Widely viewed as one of the greatest philosophers — if not the greatest — ever to write in English, Hume had already gained international renown before Smith produced his first book. Yet Hume’s radical ideas, particularly on the nature of religious belief, ensured that he could never secure a university position of any kind — and prompted two failed efforts by the Church of Scotland to have him excommunicated.

It was not just in their lifetimes that Hume’s renown outstripped Smith’s. Hume’s continuing impact on individual thinkers and broader fields of study is truly breathtaking. Kant, Darwin and Einstein (who credited him with inspiration for relativity theory) is a short list of great minds deeply influenced by Hume. And, in addition to the effect of his thought on economics, he is considered by some to be the father of modern cognitive science.
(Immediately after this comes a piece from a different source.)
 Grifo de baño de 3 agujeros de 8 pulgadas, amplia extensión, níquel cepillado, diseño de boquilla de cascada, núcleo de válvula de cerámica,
Hume was a dozen years Smith’s senior. The two met shortly after Smith had completed his studies, but before he had secured a university position. Hume had already published his first major, and scandalously received, work. It is not completely clear how or why they connected, given their vast differences in both position and disposition: Hume was large and gregarious, Smith more of an absent-minded professor type.

What is evident from the excellent use Professor Rasmussen makes of their letters and those of contemporaries is that the two quickly became devoted to one another.

One of the more interesting aspects of “The Infidel” is the extent to which the profound role of friendship in the thought of both Hume and Smith, neither of whom ever married, was colored by their own deep attachment. The most engaging aspects of the story relate to the nature of that friendship.

Less satisfying is the description of how precisely the relationship “shaped modern thought.” Professor Rasmussen does a fine job of demonstrating how closely the thinkers’ views align in a wide variety of areas, even where it is not readily apparent. But many of their most famous and influential ideas are not closely examined. There is, for instance, little discussion of either Smith’s “invisible hand” or Hume’s “is-ought problem.”

Hume’s impending death in 1776 — he had grown ill by that year, with what was probably some kind of cancer — was the source of great public interest, particularly among those most horrified by his skeptical views on religious belief. The philosopher wrote a short autobiography at the time, in part to demonstrate that he had managed to live and die “happily and virtuously, without religion.” The resulting “funeral oration for myself” was sure to be a source of disappointment for those who had hoped for a recantation or at least moderation of his previous views in the face of imminent expiry. It was, however, not entirely unexpected.

What was a source of both shock and fury was a letter appended to every edition of the work from Adam Smith, describing the “cheerfulness and equanimity” of his dear friend’s final days. Even more infuriating was Smith’s overall conclusion that Hume approached “as nearly to the idea of a perfectly wise and virtuous man, as perhaps the nature of human frailty will permit.”

Smith had spent his life and career avoiding the kind of controversy and offense that Hume had reveled in. By associating his name and reputation with such a strong defense of Hume’s moral character, Smith risked not only his social and professional standing, but the fortunes of his long-gestating masterpiece, “The Wealth of Nations,” which had just finally been published.

Smith’s letter was certainly an act of bravery and a reflection of the depth of his intellectual debt to Hume. As Professor Rasmussen argues, it “also represents a kind of paean to friendship.”

The same could be said of Professor Rasmussen’s touching and illuminating book.